Sunday 31 March 2024

Dances with Wolves review

 Number 333 on the top 1000 films of all time is the Kevin Costner's 1990 epic Western 'Dances with Wolves.'

Lieutenant John Dunbar (Kevin Costner) is a soldier in the US Civil War. In 1863, he is assigned to a military post in the American frontier. Instead of finding his assignment, he finds a group of Lakota. There everything he has ever known is flipped on its head.

I've never rated Costner much as an actor. He's very wooden and over-the-top. After seeing this, I don't rate him much as a director either. Dances with Wolves was a slow-plodding affair that had no business being three hours long. The film centres on Dunbar's relationship with the Lakota, but they barely feature until an hour in - which was also the first sign of tension.

How Dances with Wolves won the Best Picture Oscar is beyond me.

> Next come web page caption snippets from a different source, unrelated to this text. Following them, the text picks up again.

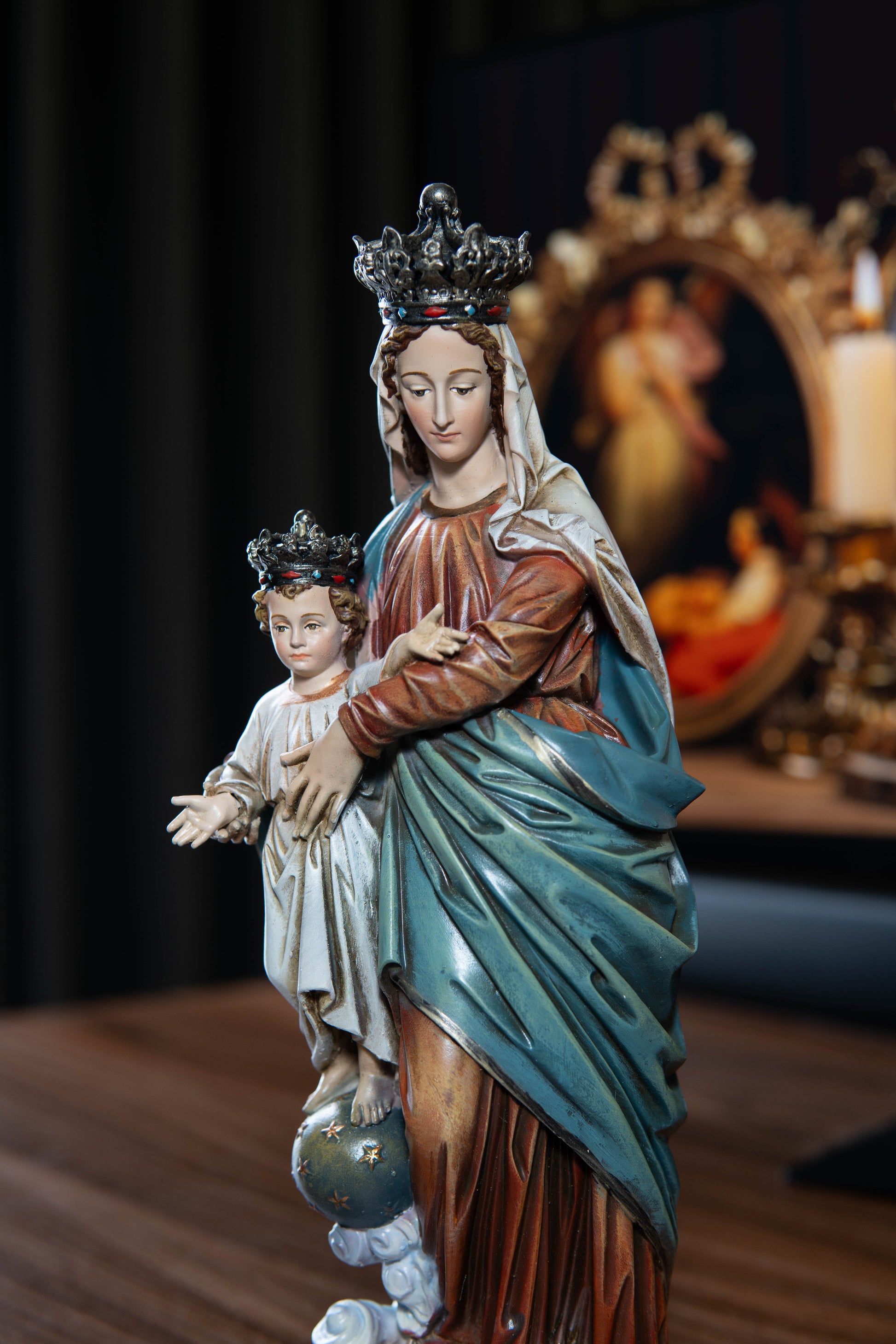 Hand-Painted Our Lady of Victory Statue Virgin Mary Blessed Mother Statues Catholic Gifts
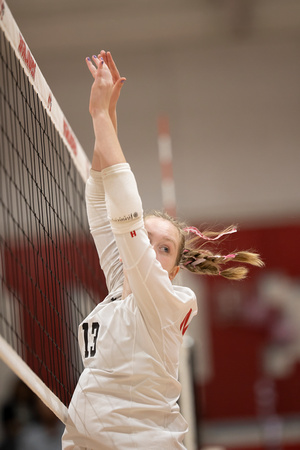 2024-10-22 McLean JV girls volleyball vs Langley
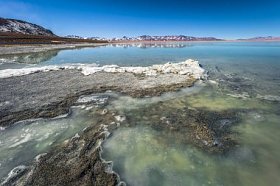 Avaroa 国家 Polques 温泉景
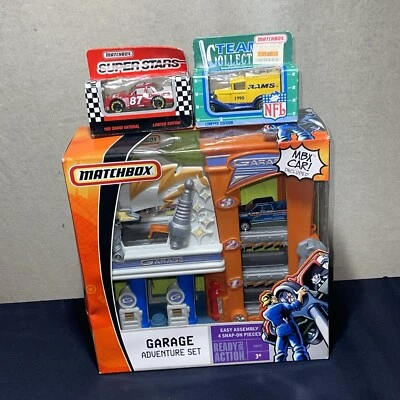 LOT OF 3 Matchbox Garage Adventure Set 1993 Grand National & NFL 1990 RAMS NEW - Image 1 of 4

How it beat out brilliant films like Awakenings or Goodfellas is even more stupefying. And don't even get me started on Costner being nominated for Best Actor. His constant narration slowed the film to an absolute crawl. He logs all his interactions with the Lakota in a journal. This is accompanied by the slowest, most monotonous, expository voice-over known to man. We see something on screen, and, for some reason, Costner felt the need to over-explain it ad infiniteum. 

It made everything very on-the-nose. It would have been much better if the audience had been left to figure things out for themselves.

Dunbar wasn't an interesting character to follow at all. I was far more interested in the dynamics of the Lakota tribe. It would have been more interesting if the film had been told from their perspective rather than from a tepid soldier who loves the sound of his own voice.

I did not care for Dances with Wolves. It was an overly-long, tedious affair. And how it was the 1990 Best Picture winner is a complete mystery.